I have no idea -- you'd need to ask somebody who works on the
block layer

thanks
-- PMM
Pierrick Bouvier Dec. 5, 2024, 7:21 p.m. UTC | #6
On 12/5/24 07:23, Peter Maydell wrote:
> On Tue, 3 Dec 2024 at 20:32, Pierrick Bouvier
> <pierrick.bouvier@linaro.org> wrote:
>>
>> On 12/3/24 09:37, Peter Maydell wrote:
>>> On Mon, 18 Nov 2024 at 17:24, Pierrick Bouvier
>>> <pierrick.bouvier@linaro.org> wrote:
>>>>
>>>> Signed-off-by: Pierrick Bouvier <pierrick.bouvier@linaro.org>
>>>> ---
>>>>    docs/devel/control-flow-integrity.rst |   2 +
>>>>    docs/devel/multi-thread-tcg.rst       |   2 +
>>>>    docs/glossary/index.rst               | 238 ++++++++++++++++++++++++++
>>>>    docs/index.rst                        |   1 +
>>>>    docs/system/arm/virt.rst              |   2 +
>>>>    docs/system/images.rst                |   2 +
>>>>    docs/tools/qemu-nbd.rst               |   2 +
>>>>    7 files changed, 249 insertions(+)
>>>>    create mode 100644 docs/glossary/index.rst
>>>
>>> I think this is a good idea; we've had at least one bug
>>> report from a user pointing out that we had a term in
>>> our docs which we didn't define ("block driver"):
>>> https://gitlab.com/qemu-project/qemu/-/issues/2611
>>> I have some comments on specific entries below.
>>>
>>
>> And people can be free to add new entries later.

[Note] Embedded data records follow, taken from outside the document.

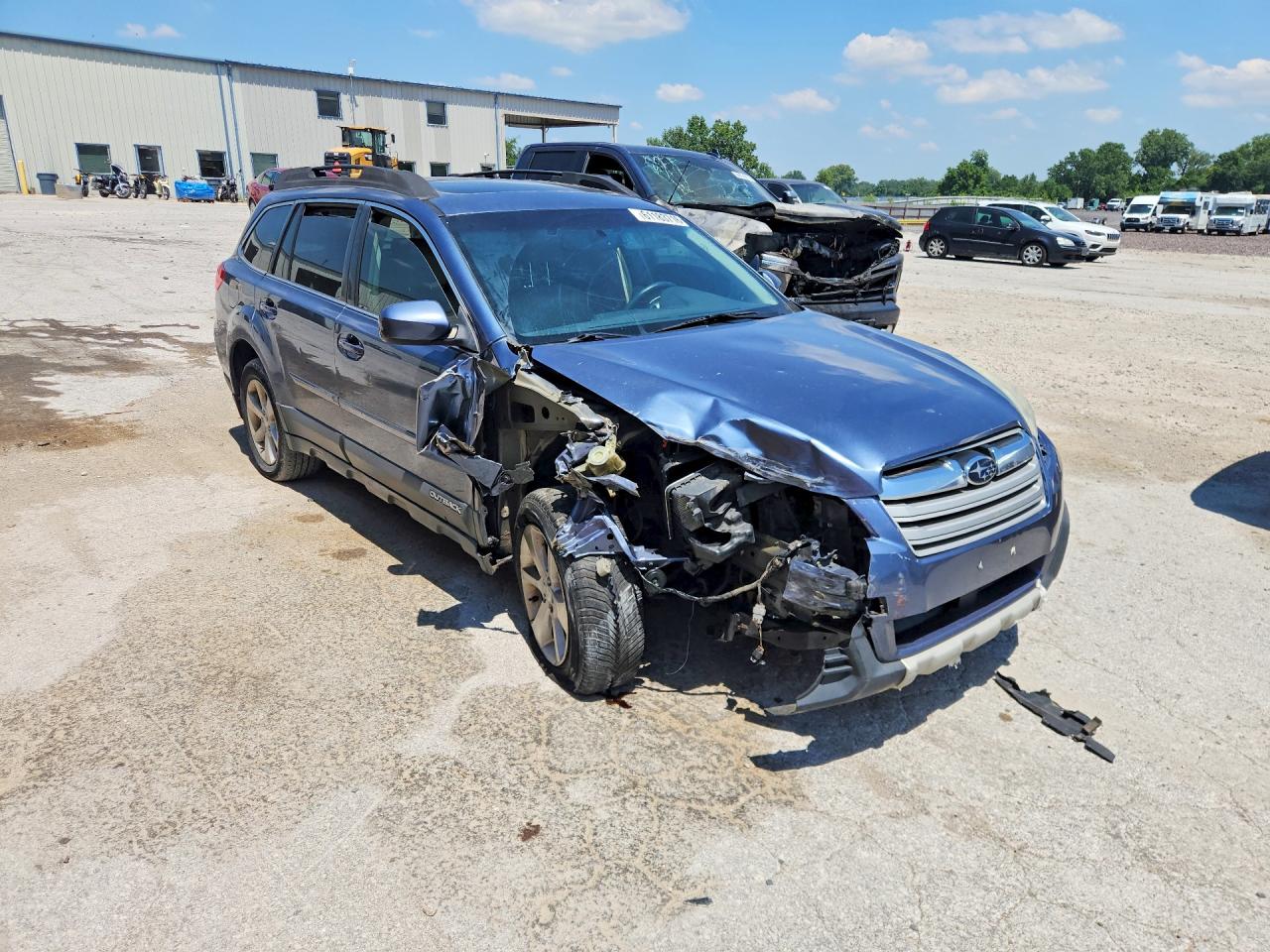 2013 Subaru Outback 2.5i Limited Blue vin: 4S4BRCPC7D3309500
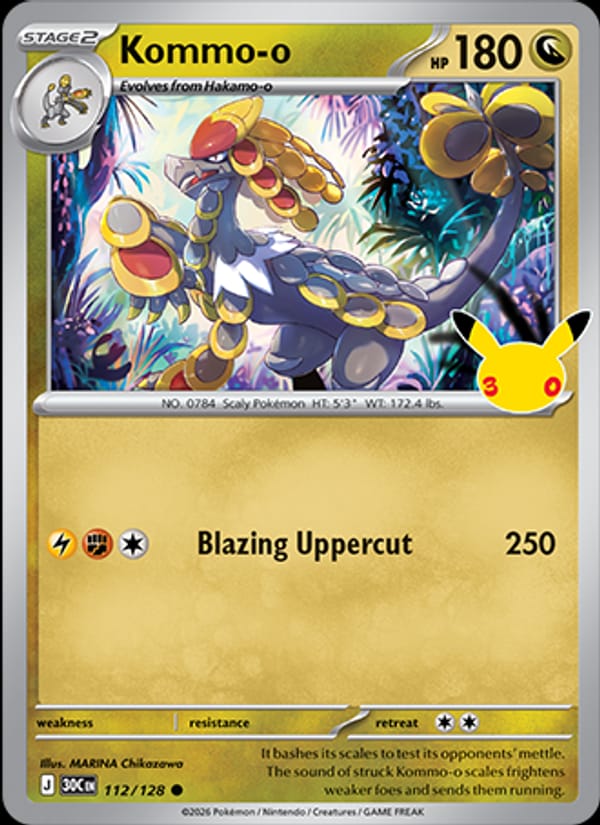 Kommo-o, ME: 30th Celebration · 112/128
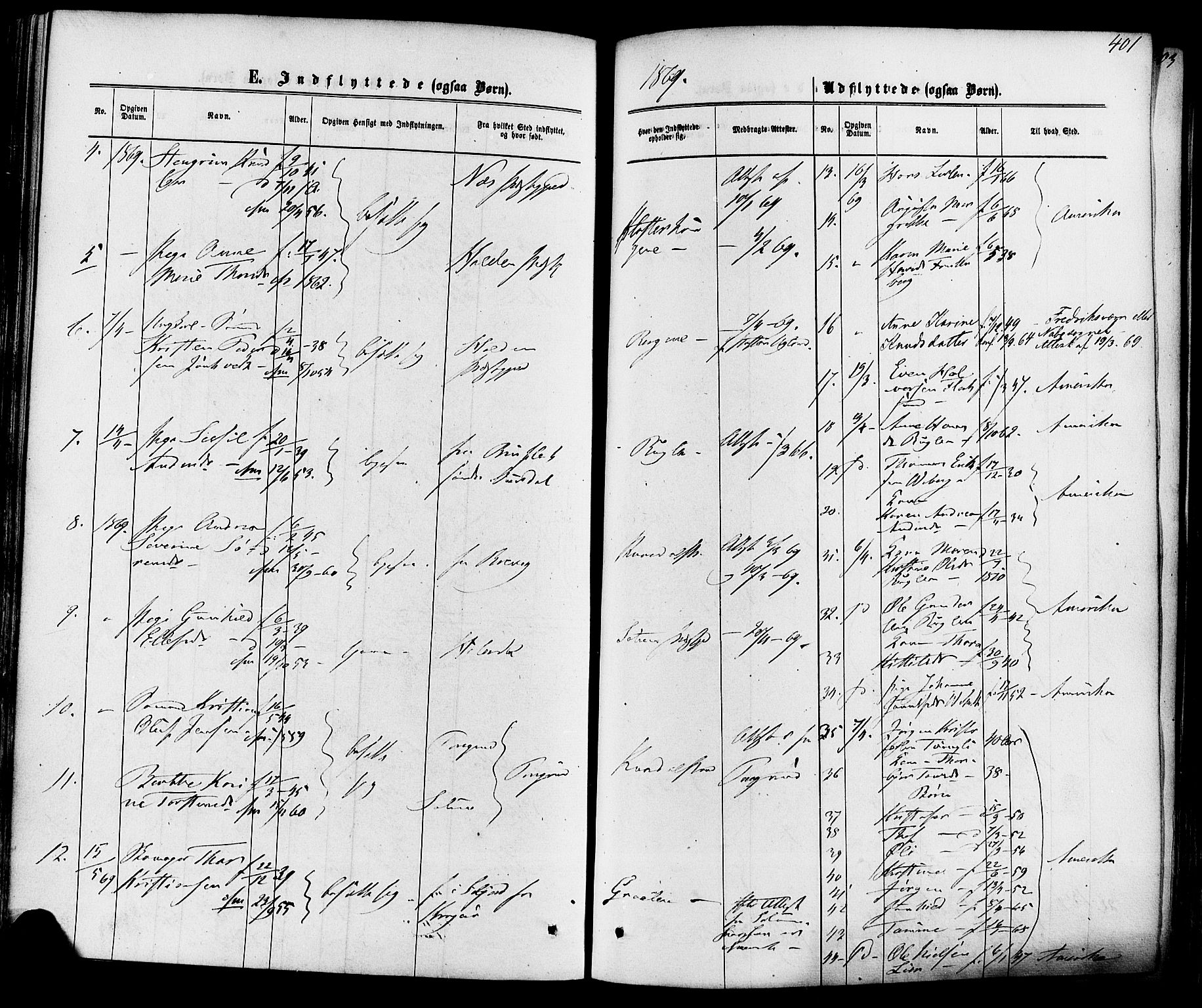Solum kirkebøker, SAKO/A-306/F/Fa/L0008: Parish register (official) no. I 8, 1865-1876, p. 401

However, we should
>> resist the temptation to add too many details. It should stay simple and
>> understandable, even if not all technical nuances are not represented.
>>
>>>> diff --git a/docs/devel/control-flow-integrity.rst b/docs/devel/control-flow-integrity.rst
>>>> index e6b73a4fe1a..3d5702fa4cc 100644
>>>> --- a/docs/devel/control-flow-integrity.rst
>>>> +++ b/docs/devel/control-flow-integrity.rst
>>>> @@ -1,3 +1,5 @@
>>>> +.. _cfi:
>>>> +
>>>>    ============================
>>>>    Control-Flow Integrity (CFI)
>>>>    ============================
>>>> diff --git a/docs/devel/multi-thread-tcg.rst b/docs/devel/multi-thread-tcg.rst
>>>> index d706c27ea74..7fd0a07633d 100644
>>>> --- a/docs/devel/multi-thread-tcg.rst
>>>> +++ b/docs/devel/multi-thread-tcg.rst
>>>> @@ -4,6 +4,8 @@
>>>>      This work is licensed under the terms of the GNU GPL, version 2 or
>>>>      later. See the COPYING file in the top-level directory.
>>>>
>>>> +.. _mttcg:
>>>> +
>>>>    ==================
>>>>    Multi-threaded TCG
>>>>    ==================
>>>> diff --git a/docs/glossary/index.rst b/docs/glossary/index.rst
>>>> new file mode 100644
>>>> index 00000000000..a2d4f3eae16
>>>> --- /dev/null
>>>> +++ b/docs/glossary/index.rst
>>>
>>> I guess it makes sense to give this its own subdir, since we want
>>> it to come at the end of the manual. The other option would be
>>> to put it directly into docs/.
>>>
>>
>>   From your comment, it's not clear for me if it's ok as it is, or if you
>> want a change.
>> Can you elaborate on that?
> 
> It means I'm not sure. We end up with a subdirectory with only
> one file in it and where there's no expectation we'd ever want
> to add any more files to it. On the other hand it does keep it
> out of the docs/ top level directory, which currently has a
> fair amount of cruft awaiting cleanup.
> 
> I guess on balance I would make this docs/glossary.rst,
> unless you anticipate wanting to split this into multiple
> files or have something else in docs/glossary/ later.
> 
>>>> @@ -0,0 +1,238 @@
>>>> +.. _Glossary:
>>>> +
>>>> +--------
>>>> +Glossary
>>>> +--------
>>>> +
>>>> +This section of the manual presents *simply* acronyms and terms QEMU developers
>>>> +use.
>>>
>>> What's "simply" intended to mean here?
>>>
>>
>> "in a straightforward or plain manner".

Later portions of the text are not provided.